→ Exercise directions
Every line from the beginning of the data through the line containing "Harley-Davidson CVO Road Glide ST Base" should be reproduced exactly, and no further lines should be output.
┏━━
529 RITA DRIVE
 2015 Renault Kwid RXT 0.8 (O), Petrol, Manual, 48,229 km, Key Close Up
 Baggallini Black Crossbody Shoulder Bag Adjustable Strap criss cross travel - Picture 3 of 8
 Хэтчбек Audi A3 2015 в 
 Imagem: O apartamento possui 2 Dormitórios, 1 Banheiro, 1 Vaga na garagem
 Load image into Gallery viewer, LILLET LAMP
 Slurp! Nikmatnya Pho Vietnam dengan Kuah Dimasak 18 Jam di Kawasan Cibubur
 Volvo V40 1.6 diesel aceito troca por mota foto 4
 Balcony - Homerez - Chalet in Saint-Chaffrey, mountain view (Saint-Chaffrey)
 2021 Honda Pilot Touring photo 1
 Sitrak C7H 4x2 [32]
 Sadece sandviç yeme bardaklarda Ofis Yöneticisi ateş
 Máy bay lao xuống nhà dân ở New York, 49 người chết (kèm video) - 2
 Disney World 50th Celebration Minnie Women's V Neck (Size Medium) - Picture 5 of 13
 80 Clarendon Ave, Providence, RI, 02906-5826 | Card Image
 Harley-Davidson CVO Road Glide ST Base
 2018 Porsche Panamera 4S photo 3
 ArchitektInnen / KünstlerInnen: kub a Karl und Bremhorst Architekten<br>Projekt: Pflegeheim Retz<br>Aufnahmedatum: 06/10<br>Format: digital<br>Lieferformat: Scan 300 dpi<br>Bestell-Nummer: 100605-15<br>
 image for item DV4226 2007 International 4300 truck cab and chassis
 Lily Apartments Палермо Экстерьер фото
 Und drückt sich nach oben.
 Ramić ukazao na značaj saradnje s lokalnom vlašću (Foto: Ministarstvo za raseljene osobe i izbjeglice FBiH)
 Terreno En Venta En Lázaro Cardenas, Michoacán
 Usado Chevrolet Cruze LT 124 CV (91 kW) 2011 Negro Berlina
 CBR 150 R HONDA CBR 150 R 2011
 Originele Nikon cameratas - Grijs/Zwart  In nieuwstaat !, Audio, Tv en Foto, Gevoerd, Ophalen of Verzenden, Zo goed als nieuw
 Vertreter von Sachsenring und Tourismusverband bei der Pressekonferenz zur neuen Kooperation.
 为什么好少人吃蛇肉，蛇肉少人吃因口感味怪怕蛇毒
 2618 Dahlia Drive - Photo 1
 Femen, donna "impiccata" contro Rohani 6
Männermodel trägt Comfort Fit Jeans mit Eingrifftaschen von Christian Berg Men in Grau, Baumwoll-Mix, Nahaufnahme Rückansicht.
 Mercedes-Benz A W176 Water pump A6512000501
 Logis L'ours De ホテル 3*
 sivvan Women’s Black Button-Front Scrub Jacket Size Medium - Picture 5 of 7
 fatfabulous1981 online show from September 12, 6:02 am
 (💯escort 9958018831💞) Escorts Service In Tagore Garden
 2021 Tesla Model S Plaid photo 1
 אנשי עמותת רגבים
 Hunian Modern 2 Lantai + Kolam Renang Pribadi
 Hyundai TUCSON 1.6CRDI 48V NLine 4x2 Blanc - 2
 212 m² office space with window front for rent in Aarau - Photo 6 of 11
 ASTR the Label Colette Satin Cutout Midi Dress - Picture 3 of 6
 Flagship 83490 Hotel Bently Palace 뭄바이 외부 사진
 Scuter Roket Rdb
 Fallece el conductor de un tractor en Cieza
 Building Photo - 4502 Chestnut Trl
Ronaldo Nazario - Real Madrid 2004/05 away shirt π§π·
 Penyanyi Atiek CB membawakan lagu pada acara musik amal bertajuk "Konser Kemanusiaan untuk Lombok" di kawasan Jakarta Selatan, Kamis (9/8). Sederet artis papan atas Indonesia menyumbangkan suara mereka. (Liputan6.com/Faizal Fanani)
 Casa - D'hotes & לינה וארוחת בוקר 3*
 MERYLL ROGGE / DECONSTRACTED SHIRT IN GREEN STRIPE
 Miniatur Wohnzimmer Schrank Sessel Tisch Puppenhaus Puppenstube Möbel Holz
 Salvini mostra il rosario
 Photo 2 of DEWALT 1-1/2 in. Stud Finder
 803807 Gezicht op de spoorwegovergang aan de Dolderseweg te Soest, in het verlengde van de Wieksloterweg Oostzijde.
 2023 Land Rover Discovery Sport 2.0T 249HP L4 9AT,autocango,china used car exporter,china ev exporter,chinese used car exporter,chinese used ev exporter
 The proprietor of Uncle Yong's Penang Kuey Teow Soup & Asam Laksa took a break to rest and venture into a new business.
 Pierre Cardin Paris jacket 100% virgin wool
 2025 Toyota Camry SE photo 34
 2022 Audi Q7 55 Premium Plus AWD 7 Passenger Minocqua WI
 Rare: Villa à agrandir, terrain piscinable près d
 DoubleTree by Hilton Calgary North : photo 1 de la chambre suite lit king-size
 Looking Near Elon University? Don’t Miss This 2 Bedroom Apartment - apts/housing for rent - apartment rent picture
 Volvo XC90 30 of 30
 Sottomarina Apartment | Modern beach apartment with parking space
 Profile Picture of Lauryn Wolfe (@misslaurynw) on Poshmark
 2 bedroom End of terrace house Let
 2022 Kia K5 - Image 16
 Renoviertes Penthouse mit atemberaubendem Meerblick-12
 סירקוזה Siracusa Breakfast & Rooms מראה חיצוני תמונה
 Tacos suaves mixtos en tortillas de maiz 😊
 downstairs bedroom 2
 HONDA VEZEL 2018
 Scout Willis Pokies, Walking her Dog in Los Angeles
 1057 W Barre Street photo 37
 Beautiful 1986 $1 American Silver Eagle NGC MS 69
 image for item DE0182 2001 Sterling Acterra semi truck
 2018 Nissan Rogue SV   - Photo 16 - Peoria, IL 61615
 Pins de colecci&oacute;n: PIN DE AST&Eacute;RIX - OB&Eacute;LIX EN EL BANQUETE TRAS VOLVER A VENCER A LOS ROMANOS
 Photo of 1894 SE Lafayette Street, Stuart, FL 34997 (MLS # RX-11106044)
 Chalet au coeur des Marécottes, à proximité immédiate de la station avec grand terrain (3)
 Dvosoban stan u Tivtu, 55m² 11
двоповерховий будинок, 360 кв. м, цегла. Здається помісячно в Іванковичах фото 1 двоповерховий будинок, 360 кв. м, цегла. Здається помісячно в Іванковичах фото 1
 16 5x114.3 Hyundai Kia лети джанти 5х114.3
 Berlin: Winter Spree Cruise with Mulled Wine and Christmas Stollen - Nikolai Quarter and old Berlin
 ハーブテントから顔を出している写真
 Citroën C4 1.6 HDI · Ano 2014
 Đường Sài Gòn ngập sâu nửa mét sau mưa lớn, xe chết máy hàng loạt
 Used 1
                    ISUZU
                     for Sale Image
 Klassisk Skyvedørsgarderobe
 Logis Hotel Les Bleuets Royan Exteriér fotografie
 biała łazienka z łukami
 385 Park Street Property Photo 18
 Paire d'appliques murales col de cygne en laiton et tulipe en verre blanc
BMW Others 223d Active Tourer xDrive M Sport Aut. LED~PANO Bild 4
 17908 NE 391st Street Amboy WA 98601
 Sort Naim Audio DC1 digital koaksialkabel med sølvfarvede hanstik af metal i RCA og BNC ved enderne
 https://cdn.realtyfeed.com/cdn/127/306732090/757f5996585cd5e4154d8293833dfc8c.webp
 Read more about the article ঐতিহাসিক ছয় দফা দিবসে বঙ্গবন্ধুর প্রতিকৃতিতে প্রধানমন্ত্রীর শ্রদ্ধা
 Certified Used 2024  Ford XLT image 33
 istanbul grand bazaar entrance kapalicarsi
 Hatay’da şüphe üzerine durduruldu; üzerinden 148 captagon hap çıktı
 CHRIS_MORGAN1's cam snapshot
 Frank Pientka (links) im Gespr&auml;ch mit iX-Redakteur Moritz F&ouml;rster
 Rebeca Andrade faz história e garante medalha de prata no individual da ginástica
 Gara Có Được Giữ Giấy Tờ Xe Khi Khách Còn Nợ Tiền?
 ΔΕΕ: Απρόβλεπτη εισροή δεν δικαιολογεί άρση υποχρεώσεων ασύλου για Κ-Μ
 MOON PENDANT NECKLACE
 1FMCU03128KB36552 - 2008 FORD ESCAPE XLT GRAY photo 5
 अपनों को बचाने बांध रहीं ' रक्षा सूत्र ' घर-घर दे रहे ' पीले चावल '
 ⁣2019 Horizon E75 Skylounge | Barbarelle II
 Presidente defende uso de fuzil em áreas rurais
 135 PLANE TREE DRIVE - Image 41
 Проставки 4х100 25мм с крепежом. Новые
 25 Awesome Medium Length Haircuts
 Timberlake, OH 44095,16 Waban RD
┗━━
→ Output of the task
529 RITA DRIVE
 2015 Renault Kwid RXT 0.8 (O), Petrol, Manual, 48,229 km, Key Close Up
 Baggallini Black Crossbody Shoulder Bag Adjustable Strap criss cross travel - Picture 3 of 8
 Хэтчбек Audi A3 2015 в 
 Imagem: O apartamento possui 2 Dormitórios, 1 Banheiro, 1 Vaga na garagem
 Load image into Gallery viewer, LILLET LAMP
 Slurp! Nikmatnya Pho Vietnam dengan Kuah Dimasak 18 Jam di Kawasan Cibubur
 Volvo V40 1.6 diesel aceito troca por mota foto 4
 Balcony - Homerez - Chalet in Saint-Chaffrey, mountain view (Saint-Chaffrey)
 2021 Honda Pilot Touring photo 1
 Sitrak C7H 4x2 [32]
 Sadece sandviç yeme bardaklarda Ofis Yöneticisi ateş
 Máy bay lao xuống nhà dân ở New York, 49 người chết (kèm video) - 2
 Disney World 50th Celebration Minnie Women's V Neck (Size Medium) - Picture 5 of 13
 80 Clarendon Ave, Providence, RI, 02906-5826 | Card Image
 Harley-Davidson CVO Road Glide ST Base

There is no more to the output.